1. ACTINIC KERATOSIS (AK) OR SOLAR KERATOSIS (SK)
It affects 40 – 60% of the Australian Caucasian population over 40 years of age and 80% of those aged between 60 and 69 years. It is a premalignant condition often a precursor to squamous cell carcinoma (SCC). Its appearances are usually discrete, erythematous, scaly or crusty patches of skin and for that reason are often indistinguishable to SCC. Therefore, anyone with multiple AK lesions should have regular follow up and be treated accordingly.
Actinic Keratosis can be difficult to distinguish from squamous cell carcinoma clinically. In most cases a punch biopsy or total lesion excisional biopsy is necessary to confirm a clinical diagnosis as the treatment options for these conditions will depend on it.
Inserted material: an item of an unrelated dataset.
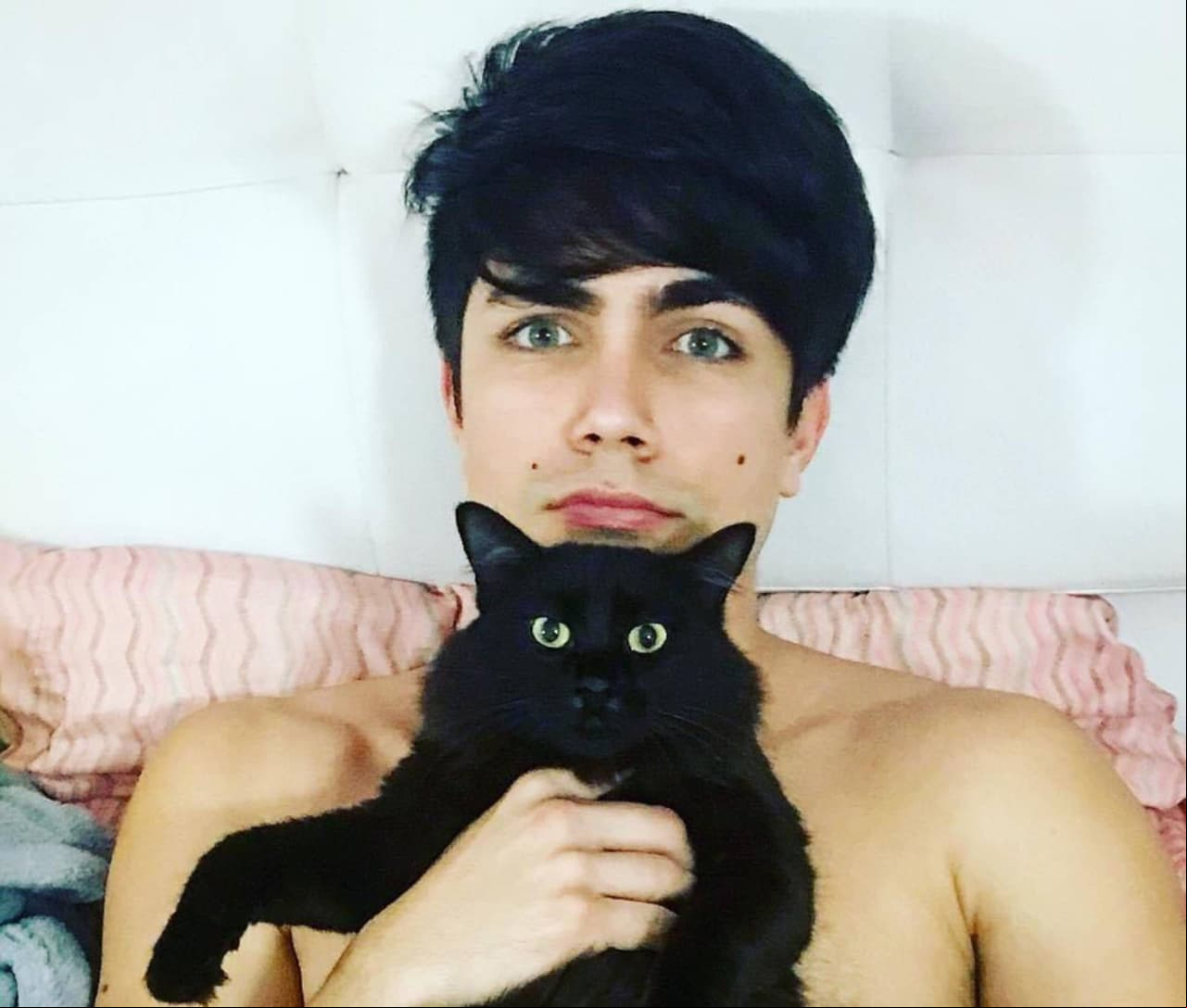 Sian y su gatita Kitty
2. DYSPLATSTIC NAEVI & DYSPLASTIC NAEVUS SYNDROME
Dysplastic Naevi are high-risk moles and have a high potential to progress to malignant melanoma. The appearance of these moles are usually irregular, uneven distribution of colour, raised or flat, large moles which share some of the features of early melanoma. In the case of severely dysplastic naevi they should be treated as melanoma in situ and wider skin surgical excision is warranted.
Dysplastic Naevus Syndrome (DNS) is diagnosed when a person has 5 or more of dysplastic moles and they need to be confirmed histologically. Patients with DNS usually have multiple moles which make management more difficult. Therefore it is mandatory that everyone with DNS should be in a close monitoring program such as total body photography with digital monitoring and some of these moles should be removed and sent for histological confirmation to exclude melanoma.
The single most important determinant of whether an individual is prone to develop melanoma or not is the presence or absence of dysplastic naevi. There are numerous epidemiological studies that confirm the significance of dysplastic naevi as markers for increased risk for developing melanoma.